September 27, 2013 by  

Baggage Claim


Baggage Claim

(From left) Jill Scott, Adam Brody and Paula Patton star in the incredibly inane "Baggage Claim."

Starring: Paula Patton, Derek Luke, Taye Diggs
Directed by: David E. Talbert (“First Sunday”)
Written by: David E. Talbert (“First Sunday”)

In “Baggage Claim,” Montana (Paula Patton) is a flight attendant who finds herself single 30 days before her younger sister is set to get married. With the help of her friends in the airline business, she finds which of her exes will be on cross country flights and “accidently” bumps into them, trying to reignite a passion so she can have a date to the wedding, and potentially find a husband.

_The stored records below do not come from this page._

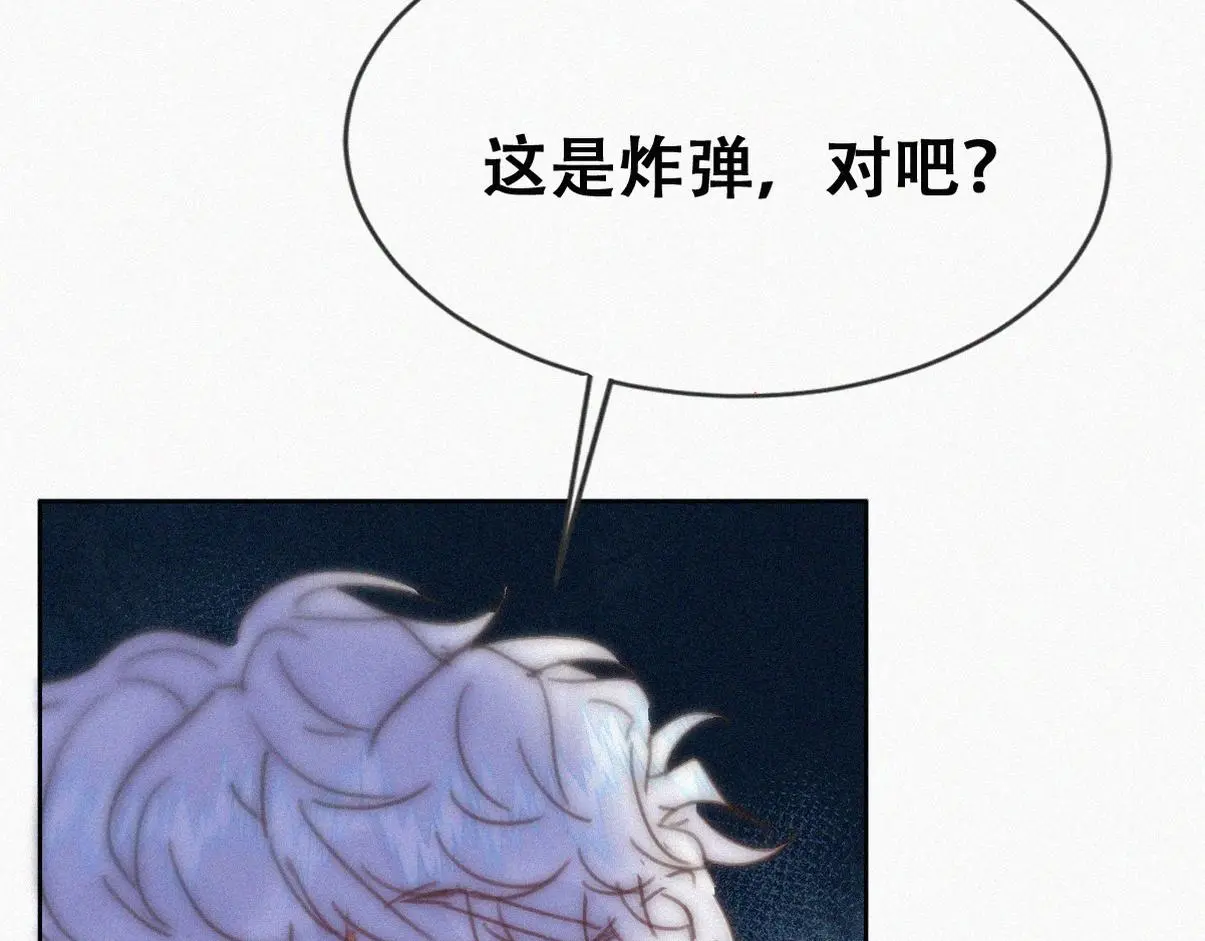 第二季 第93话 占你便宜12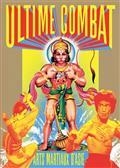 ULTIME COMBAT : ARTS MARTIAUX D'ASIE : EXPOSITION, PARIS | 9782711878758 | COLLECTIF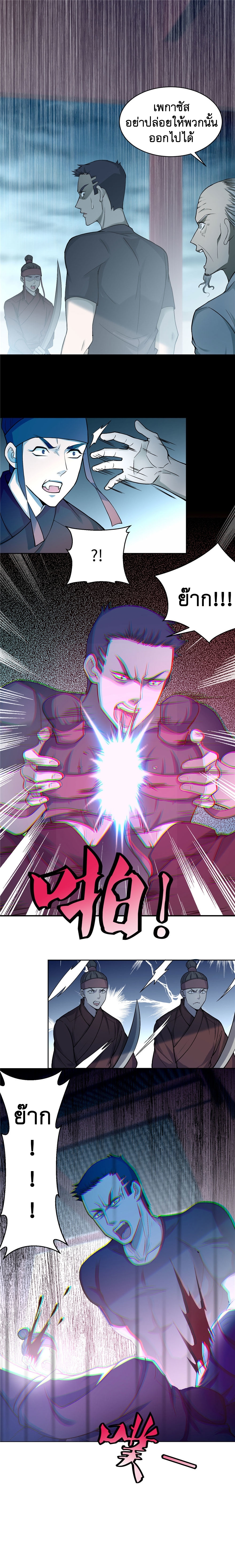 บุรุษไปรษณีย์ไม่จำกัด ตอนที่ 30 หน้า 3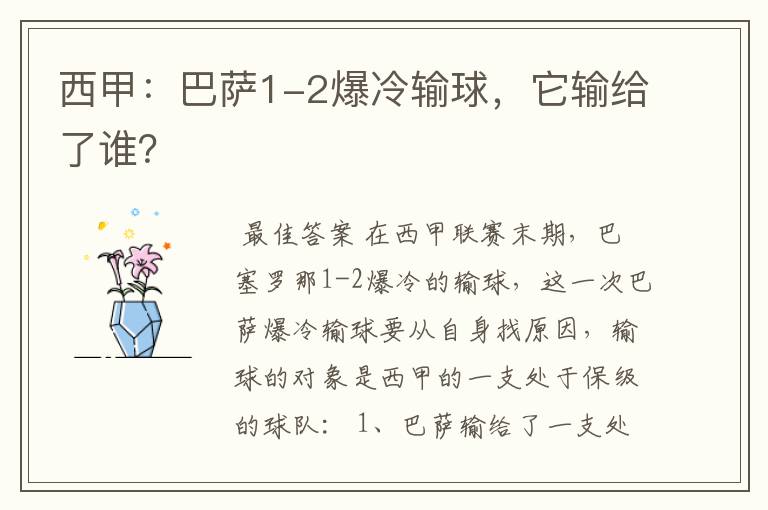 西甲:巴萨1-2爆冷输球,它输给了谁?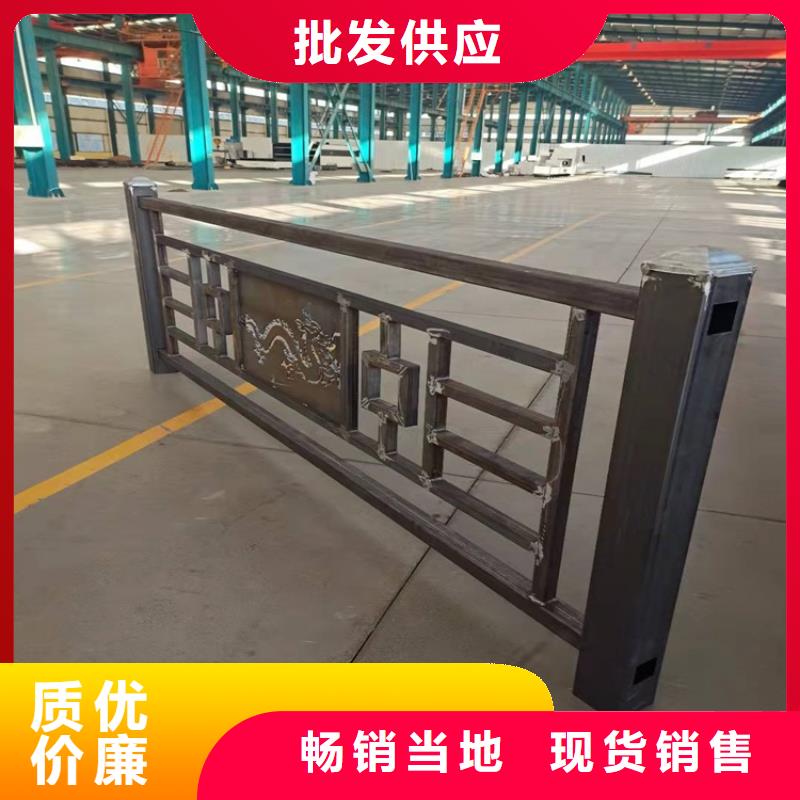 【桥梁护栏-【热镀锌立柱】货源直供】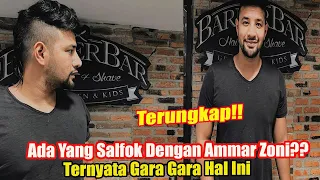 Ada Yang Salfok Dengan Ammar Zoni?! Ternyata Gara Gara Hal Ini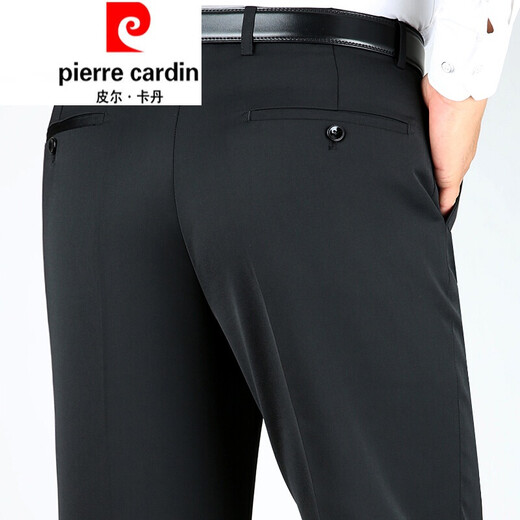 Pier Cardin high-end draped casual trousers for men in autumn and winter thick business men in middle-aged and elderly people without ironing and wrinkle loose straight suit 9903 black gray 29 (2.2 feet)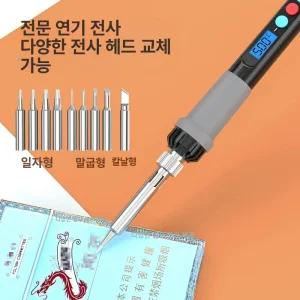 플라스틱절단기 아크릴 컷팅 초음파커팅기 절삭기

One of the biggest issues with “Baggage Claim” is its message and flaw of its main character through most of the film. Montana is essentially trying to force a marriage, constantly whining about how she doesn’t have a husband. So in return, the audience is treated to a dreadful series of “meet cutes” in which she spends time with people who are completely wrong for her, and the relationships come unglued in “humorous” ways. It’s annoying to watch, especially considering how weak and dependent on others this character is written. Worse so, Patton clearly isn’t ready to anchor a film, giving an over-enthusiastic performance filled with overacting and a useless, and completely inauthentic sounding voiceover.

Nearly every supporting character is a stereotype. There’s the gay friend, the sassy and slutty friend, the overbearing mother. In fact, as the ex-boyfriends are paraded out, the list of characters grows and there isn’t an interesting one in the bunch. The only worthwhile relationship in the entire film is the one between Montana and best friend/neighbor Langston (Taye Diggs). It’s one of the few things the film does decently.

“Baggage Claim” isn’t funny, charming, genuine, or anything you’d hope a movie from the rom com genre would be. Instead, it’s a hokey romantic story about trying to force love when it isn’t there. The script is bad, nearly every joke misses, and, even worse, Patton has easily hit a career low with her terrible performance. Watch out all you other garbage cinema…”Baggage Claim” is going to fly away with your Razzies.